Records from a data source
○ ○ ○ ○
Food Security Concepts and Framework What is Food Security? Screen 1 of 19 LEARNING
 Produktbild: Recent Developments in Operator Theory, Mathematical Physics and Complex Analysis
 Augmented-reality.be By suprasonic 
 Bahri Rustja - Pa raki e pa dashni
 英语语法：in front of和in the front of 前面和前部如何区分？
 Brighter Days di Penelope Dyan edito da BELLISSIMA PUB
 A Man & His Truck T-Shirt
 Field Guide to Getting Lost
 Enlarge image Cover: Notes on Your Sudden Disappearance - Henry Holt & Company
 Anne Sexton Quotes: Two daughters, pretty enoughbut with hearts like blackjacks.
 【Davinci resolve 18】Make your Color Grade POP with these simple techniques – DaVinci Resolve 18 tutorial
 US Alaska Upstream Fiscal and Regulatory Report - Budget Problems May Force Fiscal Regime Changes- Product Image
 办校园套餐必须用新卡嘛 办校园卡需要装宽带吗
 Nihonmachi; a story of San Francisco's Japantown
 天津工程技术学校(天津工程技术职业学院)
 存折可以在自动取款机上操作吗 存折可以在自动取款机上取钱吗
○ ○ ○ ○
§ **Exercise requirements**: Render every record verbatim. Nothing should be left out.

§ **Your response**:
Food Security Concepts and Framework What is Food Security? Screen 1 of 19 LEARNING
 Produktbild: Recent Developments in Operator Theory, Mathematical Physics and Complex Analysis
 Augmented-reality.be By suprasonic 
 Bahri Rustja - Pa raki e pa dashni
 英语语法：in front of和in the front of 前面和前部如何区分？
 Brighter Days di Penelope Dyan edito da BELLISSIMA PUB
 A Man & His Truck T-Shirt
 Field Guide to Getting Lost
 Enlarge image Cover: Notes on Your Sudden Disappearance - Henry Holt & Company
 Anne Sexton Quotes: Two daughters, pretty enoughbut with hearts like blackjacks.
 【Davinci resolve 18】Make your Color Grade POP with these simple techniques – DaVinci Resolve 18 tutorial
 US Alaska Upstream Fiscal and Regulatory Report - Budget Problems May Force Fiscal Regime Changes- Product Image
 办校园套餐必须用新卡嘛 办校园卡需要装宽带吗
 Nihonmachi; a story of San Francisco's Japantown
 天津工程技术学校(天津工程技术职业学院)
 存折可以在自动取款机上操作吗 存折可以在自动取款机上取钱吗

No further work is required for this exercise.